2 out of 5
The term “pulp” is pretty broad. While it is generally used to suggest a type or feel of story, anything that’s not wholly literary could probably qualify to a certain degree.
For Pulp Sci-Fi, given the copy on the back of this floppy collection, as well as the Pulp Fiction tribute cover, we’ll assume that Mark Harrison’s anthology series is using some specific watermarks: sex! violence! short stories!
Now, given that 2000 AD is already sci-fi, is already split into 6-page entries, contains plenty of violence, and though may not focus on it, does not completely stray from sex – especially in the 90s – is it not already pulp?
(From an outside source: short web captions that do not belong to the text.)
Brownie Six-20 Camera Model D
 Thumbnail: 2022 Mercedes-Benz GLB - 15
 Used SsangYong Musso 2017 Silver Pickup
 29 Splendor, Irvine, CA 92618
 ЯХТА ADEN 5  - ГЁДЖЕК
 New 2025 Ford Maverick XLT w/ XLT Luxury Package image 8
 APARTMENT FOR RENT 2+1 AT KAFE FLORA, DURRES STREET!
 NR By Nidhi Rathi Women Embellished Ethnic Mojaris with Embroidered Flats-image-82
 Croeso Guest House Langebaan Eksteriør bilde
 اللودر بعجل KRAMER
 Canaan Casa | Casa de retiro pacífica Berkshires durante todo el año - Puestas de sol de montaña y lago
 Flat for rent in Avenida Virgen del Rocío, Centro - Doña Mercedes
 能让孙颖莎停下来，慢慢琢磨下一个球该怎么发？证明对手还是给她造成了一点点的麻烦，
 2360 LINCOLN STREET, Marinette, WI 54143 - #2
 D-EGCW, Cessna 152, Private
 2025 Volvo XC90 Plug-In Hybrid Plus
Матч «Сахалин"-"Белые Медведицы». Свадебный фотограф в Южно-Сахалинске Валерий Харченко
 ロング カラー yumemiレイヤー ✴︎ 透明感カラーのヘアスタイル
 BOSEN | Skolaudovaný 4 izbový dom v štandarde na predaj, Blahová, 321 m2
So how, exactly, might this strip differ?
I’d say that unclear focus affected most of the offerings here, which generally amount to being Future Shocks which swerve out of the way (i.e. read very forced) to include that sex or violence. Writers that don’t stay super bound to this – Dan Abnett, Gordon Rennie, Dean Ormston – come out best, but almost all the strips suffer from art / artist mismatches. Mark Harrison would take quite a while on Grey Area to balance out his digital style with comic book framing / pacing, and that’s probably at least in part thanks to Abnett’s guidance. That partnership doesn’t quite work for comedy, but their pairing is still a top offering. When Harrison is on his own, the page flow takes a dive, which disrupts his narratives. Elsewhere, perhaps seeking to match Mark’s flourished look, some great, stylized / detailed artists are put to task on purposefully flighty tales (which I’ve already remarked aren’t wholly too great), and the whole thing ends up pretty unfocused.